Some teachers expressed concern with the district’s lunch protocol. Students have a 30-minute lunch period, but are strongly encouraged to eat in 15 minutes or less, with no talking while eating inside until masks are back on. That 15-minute window isn’t always strictly enforced, those teachers said. The district previously said it’s up to the individual discretion of a school principal whether students at that school eat lunch in the cafeteria, classrooms or outside.

As COVID trends have worsened in the last couple months, some parents are also concerned about the safety of in-person learning, even as most desire for their students to learn in person. Following more than a year of COVID-19-related obstacles, there’s a strong communal desire to stay in schools — but to do so safely.

A new survey funded by the Centers for Disease Control and Prevention and released last week found that from a sample of 1,448 public school parents and guardians showed many parents — especially Black and Hispanic parents — are worried enough about the Delta variant that they’d rather keep their children home to learn remotely, at least part time. The survey was released by the National Parent Teacher Association Sept. 1 and was funded by the CDC through the Atlanta-based nonprofit CDC Foundation.

Only 43% of parents surveyed wanted full-time in-person school for their students, following the CDC’s updated guidance on July 27 to account for the Delta variant. Before that guidance, 58% of those surveyed said they wanted their children in a classroom full time this year.

Among Black parents, 41% said they wanted a full-time in-person program after July 27, the survey found, compared with 43% of parents overall. For Hispanic parents, that figure fell to 37 percent.

“It’s not just that parents aren’t OK,” Adam Burns, a partner at Edge Research, who led the nationwide parent survey released last week, told NBC News. “They’ve been not-OK for about 18 months.”

Nationally, some parents are concerned that their district is no longer offering a robust remote-only program, or only offering it to a select group of students.
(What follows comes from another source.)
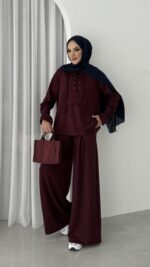 Premium Oysho Palazzo İkili Takım - Bordo - Görsel 2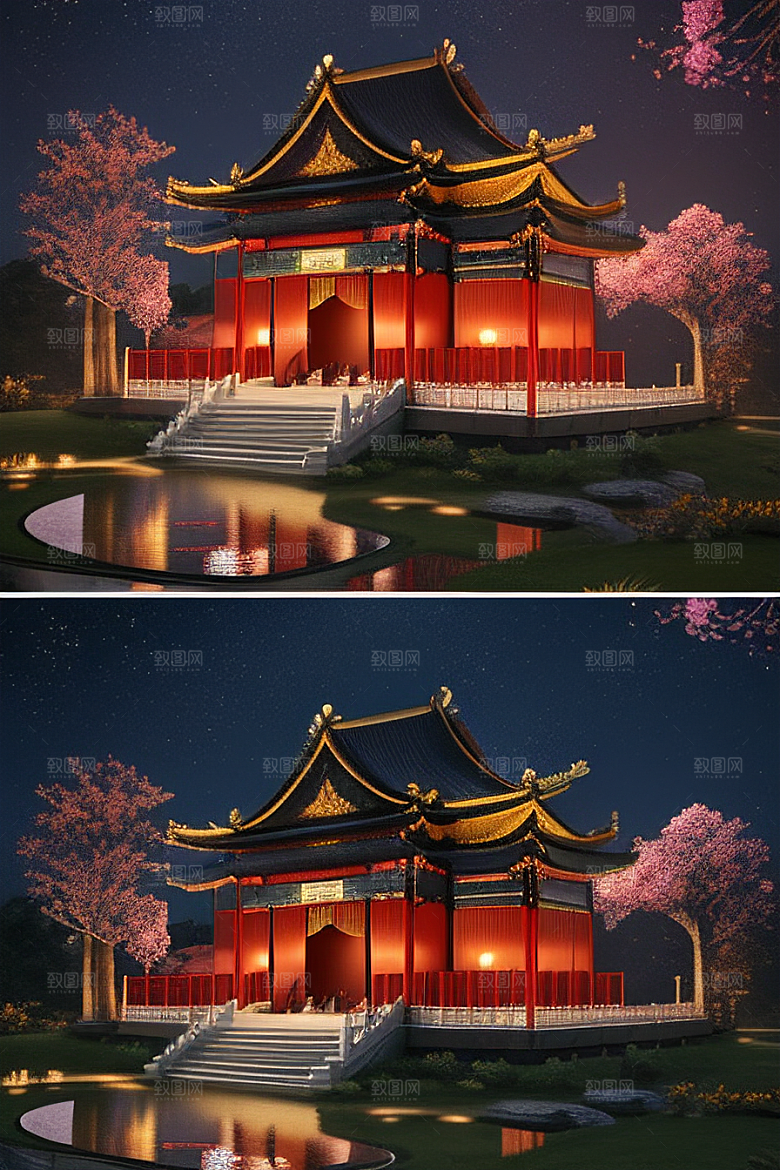 金碧辉煌如梦似幻中国风宫殿插画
At CCS, the school’s virtual academy is open to all students, but requires a semester-long commitment, meaning in theory that the earliest students could move from in-person to virtual would be next semester. About 210 CCS students are enrolled in the virtual academy, the district previously said, compared to more than 2,000 last year.

In Chatham, CCS officials have stressed that universal indoor masking — done properly, with the right type of mask covering both a person’s mouth and nose — will play a huge role in allowing in-person classes and activities to continue.

“We still have the mask mandate for school, and I really appreciate that,” Ewy told the News + Record, “I was thinking over the summer, ‘Oh, I really hope they keep that in place.’ Because I know I wouldn’t have felt super safe if they weren’t requiring it, so I’m glad they have it.”

The district does not have any predetermined threshold of district COVID-19 cases or community spread that would move classes temporarily online, though under state legislation, it has the authority to make such decisions. Assistant Superintendent for Human Resources Janice Frazier previously told the News + Record a move online would likely only take place if positive cases led the district to be too understaffed to carry out school services.